For a conservative electric field, we can always say that $$\oint \vec E\cdot\vec {dl} = 0$$
Take this scenario for example
Here $E_1$ and $E_2$ are two different electric fields. If I find
$\oint \vec E\cdot\vec {dl}$ from $A$ to $A$(loop), then I know it is $0$, because the potential difference between $A$ and $A$ will always be zero (since they are the same point).

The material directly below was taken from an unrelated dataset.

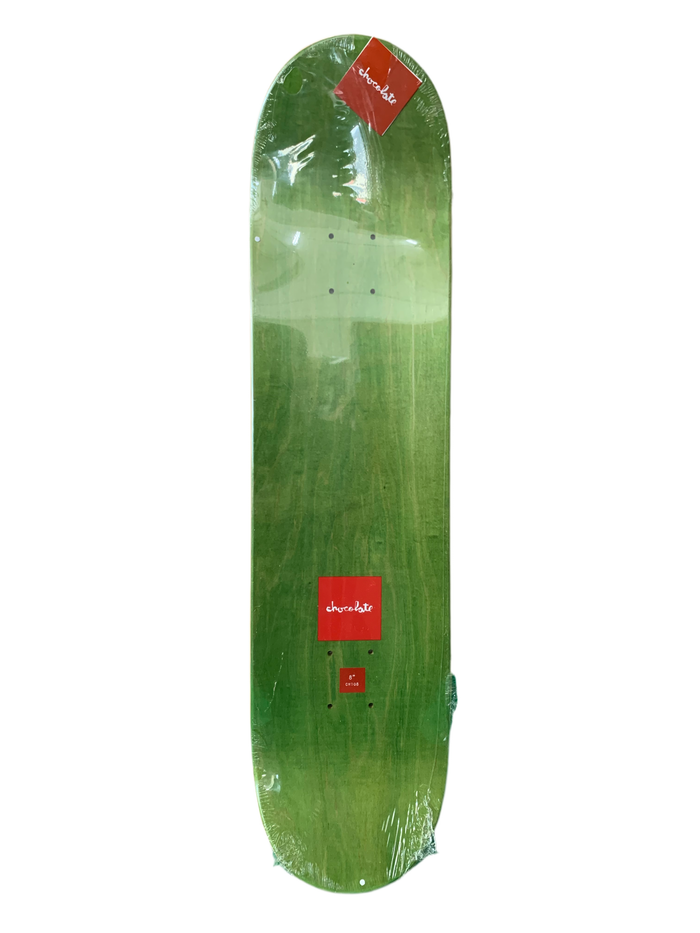 Chocolate Chico Brenes Native 8" Classic Skateboard Deck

Now, here only vertical lines (PQ and RS) would be nonzero.
So,
$$\oint \vec E\cdot\vec {dl} = 0$$
$$\int_P^Q \vec E_1\cdot\vec {dl} + \int_S^R \vec E_2\cdot\vec {dl} = 0$$
$$E_1\cdot l – E_2\cdot l = 0$$
$$E_1 = E_2$$
But then, it contradicts my assumption of $E_1$, $E_2$ being different.
It gives rise to two possibilities:
- The potential difference between $A$ and $A$ is not zero.

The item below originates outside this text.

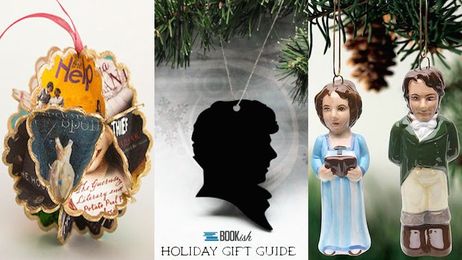 Literary Tree Trimming: 20 Bookish Ornaments You Need on Your Christmas Tree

- You can never create two different electric fields, because if you do, I could always draw a closed loop encapsulating both the fields and prove that the fields are same.
So what is going wrong here?
Best Answer
Without a magnetic field existing, $\oint{\vec{E}\cdot d\ell=0}$ is always true.

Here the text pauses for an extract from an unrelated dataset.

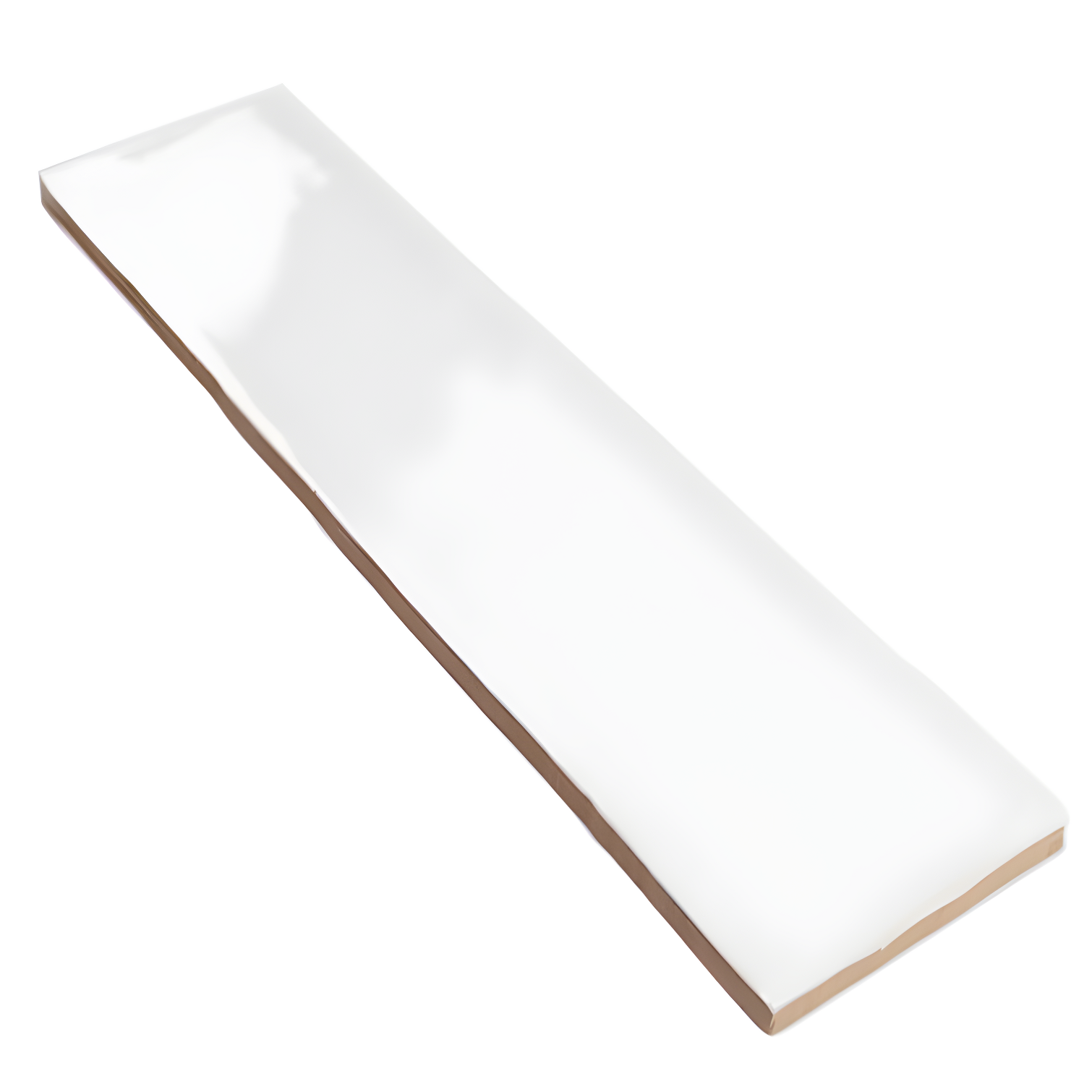 Barcelona 3" W x 12" L Polished Ceramic Subway Wall Tile (10.76 Sq. Ft. / Case)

Your mistake is that you don't consider the edge effect of a parallel plate capacitor. As the picture you can see,
when you approach the edge of the parallel plates, the horizontal component of the electric field cannot be neglected. Counting this effect in, you can have two different electric fields, and the law of a conservative electric field is still true.